=== Section Start ===

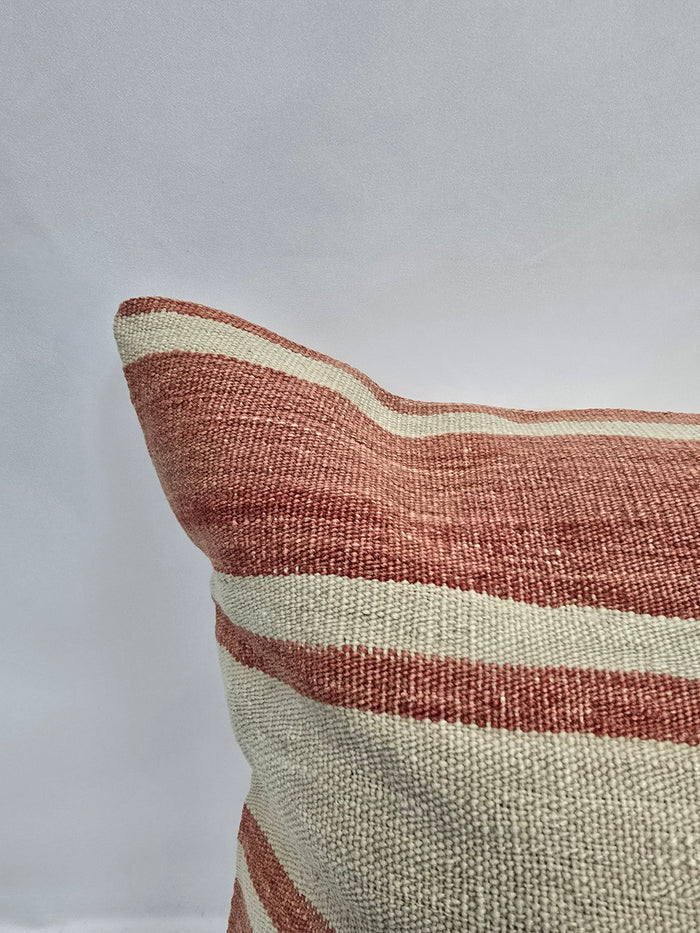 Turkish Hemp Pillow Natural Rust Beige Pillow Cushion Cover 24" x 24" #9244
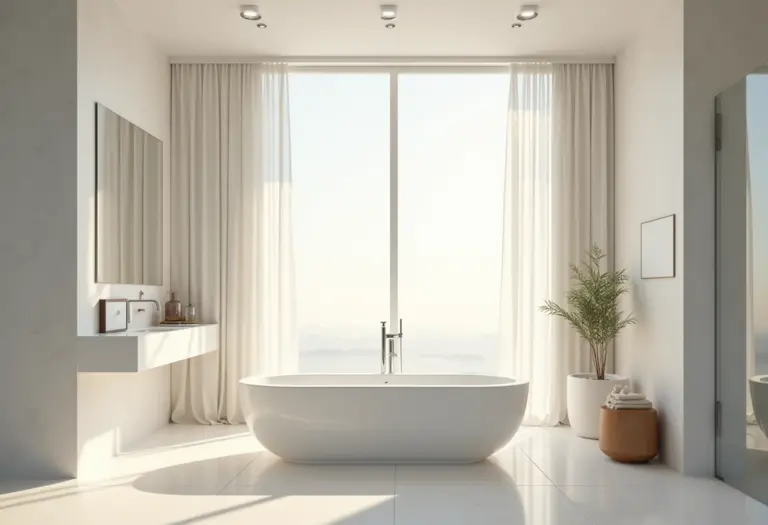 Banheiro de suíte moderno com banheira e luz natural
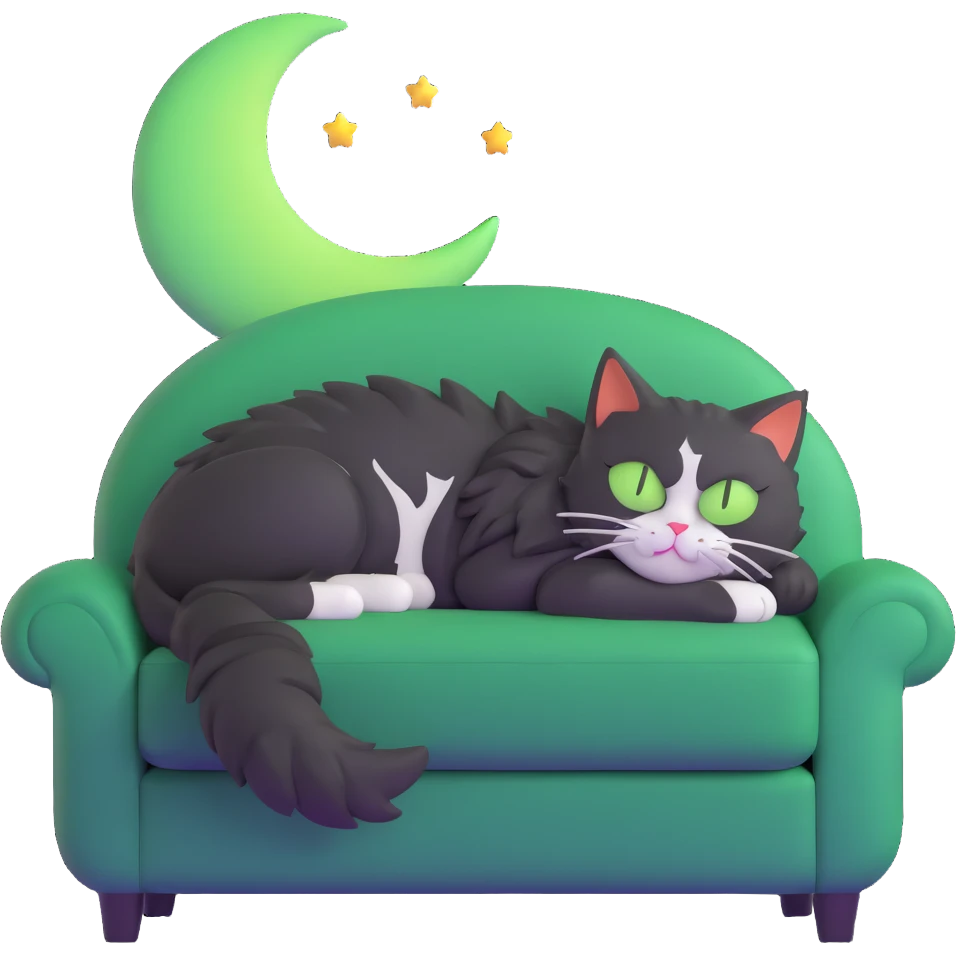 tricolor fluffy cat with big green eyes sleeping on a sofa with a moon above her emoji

=== Section End ===

### Instructions for the task
Transcribe the data exactly, minus any images.

### Completed exercise
 Turkish Hemp Pillow Natural Rust Beige Pillow Cushion Cover 24" x 24" #9244
 Banheiro de suíte moderno com banheira e luz natural
 tricolor fluffy cat with big green eyes sleeping on a sofa with a moon above her emoji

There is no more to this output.